Mahasiswa Magister Politik dan Pemerintahan Fisipol UGM
Pendidikan di Barak antara Jalan Perbaikan Moral dan Gejala Militerisme Sipil 06/06/2025 106 view Politik istockphoto.com

Gubernur Jawa Barat Dedi Mulyadi yang akrab disapa KDM akhir-akhir ini menyita perhatian publik dengan berbagai kebijakan kontroversinya.
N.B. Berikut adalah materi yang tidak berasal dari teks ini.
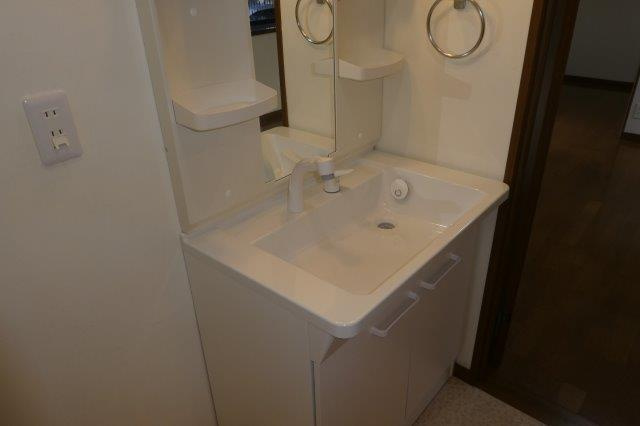 オアシス参番館の独立洗面台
Salah satunya adalah kebijakan yang dinilai tidak biasa yaitu pendekatan baru dalam menangani anak-anak yang dicap “nakal”. Alih-alih dibina melalui pembinaan di sekolah atau konseling oleh profesional, KDM memberikan gagasan baru bahwa anak-anak tersebut dikirim ke barak militer untuk mendapatkan pembinaan dan pendidikan karakter.
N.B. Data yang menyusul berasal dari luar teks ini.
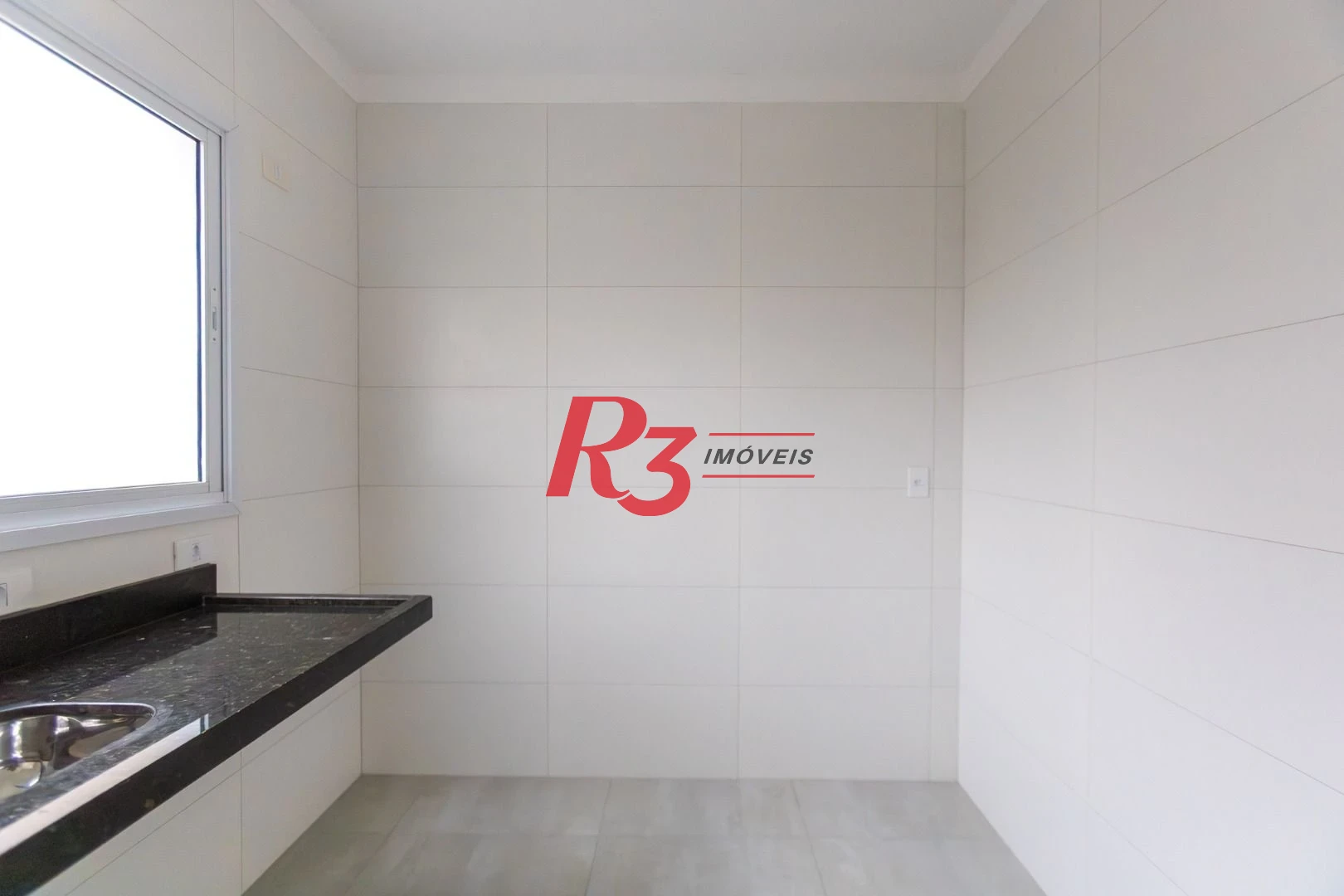 Village com 3 dormitórios à venda, 122 m² por R$ 780.000,00 - Aparecida - Santos/SP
Namun demikian, kebijakan ini memicu perdebatan di berbagai kalangan yang menilai bahwa langkah KDM ini dinilai sebagai solusi cepat yang efektif untuk mengatasi kenakalan remaja, di sisi lain ada pula pihak yang menilai bahwa pendekatan pendidikan di barak militer ini merupakan bentuk militerisasi pendidikan dan pelanggaran hak terhadap anak.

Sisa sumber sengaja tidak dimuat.